A new paper on cybersecurity was released this month by the Atlantic Council. The paper argues for a fundamental reimagining of effective cybersecurity, and predicts the government will fail to protect this country if not aided by “nonstate actors.”
As reported by FCW, the paper’s author calls for a reimaging of what effective cybersecurity should look like. Jason Healey, a senior fellow at the Atlantic Council and the former director of cyber infrastructure protection at the White House, calls for government to break out of a no-win status quo that gives all the advantage to attackers:
“In his paper titled “A Nonstate Strategy for Saving Cybersecurity,” Healey wrote that thinking about cybersecurity suffers from fundamental misunderstandings of the dynamics of cyber conflict. As our dependence on cyberspace continues to grow, he posits, ‘the only way to ensure cyberspace remains as free, resilient, secure, and awesome for future generations is to flip the historic relationship between attackers and defenders of the Internet,’ in which attackers have had the advantage.”

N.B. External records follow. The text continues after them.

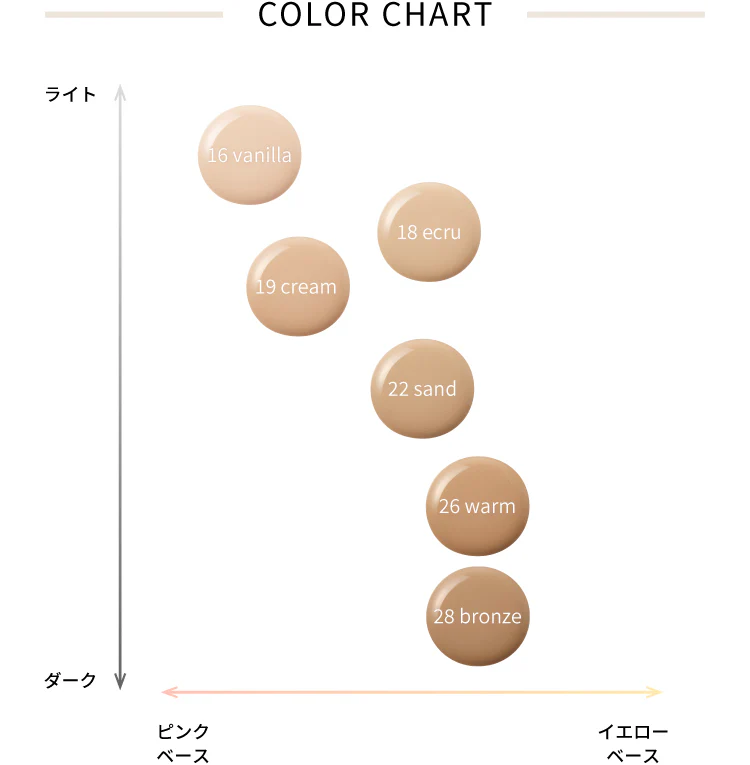 vim BEAUTY effect like finish cushion foundation 色號選擇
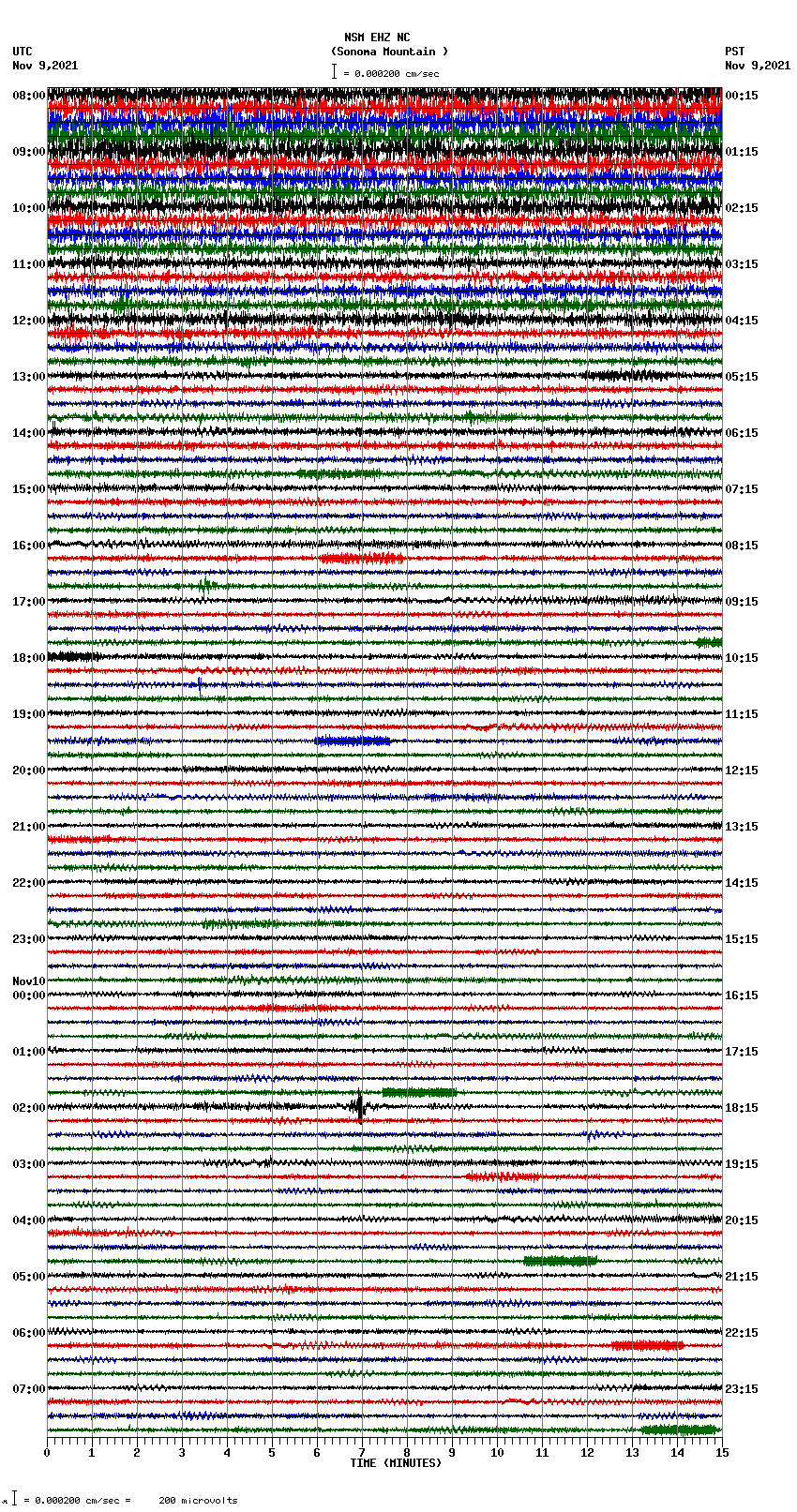 seismogram plot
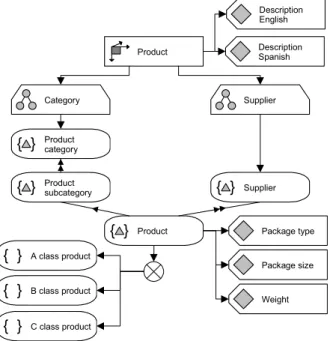 Figure 6. ADAPT metamodel indicates partial division of the population into subsets; 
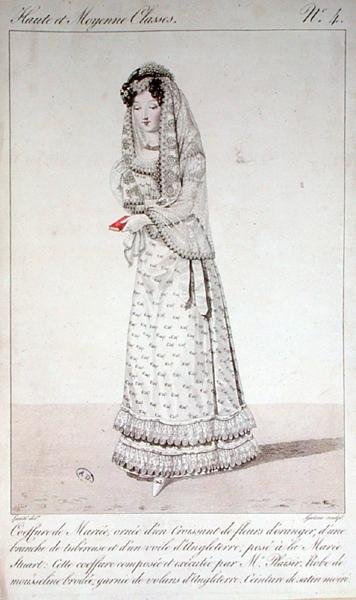 Brudekjole og frisør, modeplade nr. 4 fra 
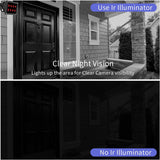 IR Illuminator,850nm 8-LED IR Illuminators,Ir Lights for Security Cameras,10ft 12V 2A Power Supply,OHWOAI Long Range Infrared Light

Healey also talks about how the incoming Trump Administration should issue an over-arching national strategy for cybersecurity, making an effective defense easier to accomplish for agencies. While that is a critical piece, he also urged the government to reach out to other cybersecurity experts:
“To successfully enact and achieve this defense-first strategy, Healey stipulates that nonstate participants must include independent security researchers, cybersecurity companies, major technology companies, and volunteer response groups that extend beyond industry. ‘Few, if any, major internet crises have ever been decisively resolved by any government,’ he wrote. ‘Wherever possible, solutions to governance, regulation, protection and response must stem from this core’ of nonstate actors.”
Of course, government needs to continue to play a critical role in cybersecurity, and will retain ultimate authority for the nation’s cyber defense. Healey said he hopes that President-Elect Trump’s business background makes him more amenable to including commercial actors in cybersecurity policy. Tom Bossert, the incoming homeland security adviser, has been briefed on Healey’s paper and is said to be open to its recommendations.
This paper is part of a growing consensus around the need for new cybersecurity solutions. Early last year GovTransformer wrote about comments made by Phyllis Schneck, deputy undersecretary for cybersecurity and communications at the Department of Homeland Security’s National Protection and Program Directorate. She was candid about the challenges standing in the way of more public/private collaboration:
“It’s very hard for companies to be optically aligned with the U.S. government,” Schneck said at a Cybersecurity Technology Summit hosted by the Washington, D.C. chapter of AFCEA. “But there has never been a more important time to build that trust.”
That sentiment is even more true this year. Twelve months is an eternity when it comes to cybersecurity. Let’s hope progress continues for better cooperation, and the recommendations of Healey’s paper are acted on by the new Administration.